I AM A retired non-Indigenous academic, now in my early seventies. Some time ago I decided to become an elder. This is an ethical quest and I have cast about for the resources that would help me on it. A central resource has been my training in the practice of the Feldenkrais Method, one of those twentieth-century integrations of psyche and soma. This has helped me be no longer a head on a stick. By the time I did this training (between 2004 and 2007), I was beginning to question the anthropocentric secularism of my training in political and social science. I could discern the decidedly non-secular landscape of the political and social thought that has formed my own. For instance, Arendt is a Judaic thinker as much as she is a modern one. I came to think that we condemn ourselves to a profoundly callow ignorance if we refuse the way in which traditions continue to live on albeit in the shadows and cracks of modern society, something that was true of my mother’s assimilated Jewish family. Perhaps we need these traditions. It makes no sense to seek to become an elder without a tradition to belong to. Each of us can go in the direction of the tradition nearest to us, so I went (via Jewish Renewal) in the direction of Judaism and in the spirit of what I have since discovered is called ‘perennial religion’ (that conversation across religious and spiritual cosmologies). Jewish Renewal shows how a tradition can continue to live and grow, and its embrace of environmentalism and feminism made it possible for me to accept Judaism. I have become increasingly interested in how explicitly spiritual conversation illuminates and contributes to the work of reckoning and reparation I have talked about. This is where it seems to me contemporary politics resides.
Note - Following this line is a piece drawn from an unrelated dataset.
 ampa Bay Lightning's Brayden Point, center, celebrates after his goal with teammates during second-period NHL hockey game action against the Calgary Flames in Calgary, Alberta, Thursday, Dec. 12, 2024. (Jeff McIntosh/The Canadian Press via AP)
The very idea of being an elder no doubt had been planted in me by my increasing awareness of Aboriginal Australian public intellectuals and elders such as Lowitja O’Donoghue and what it is they have to say to those of us who are non-Indigenous. For many reasons, then, when the Uluru Statement from the Heart appeared in May 2017, it had a place to land with me. Above all it moved me with its profound grace, a grace that comes only through suffering and the kind of growth that suffering can induce. Grace, generosity, inclusiveness, creativity and coming together as Australians in one great, sustained public conversation – this will be how we meet the challenges of our time, just as the end of the Uluru Statement suggests:
In 1967 we were counted, in 2017 we seek to be heard. We leave base camp and start our trek across this vast country. We invite you to walk with us in a movement of the Australian people for a better future.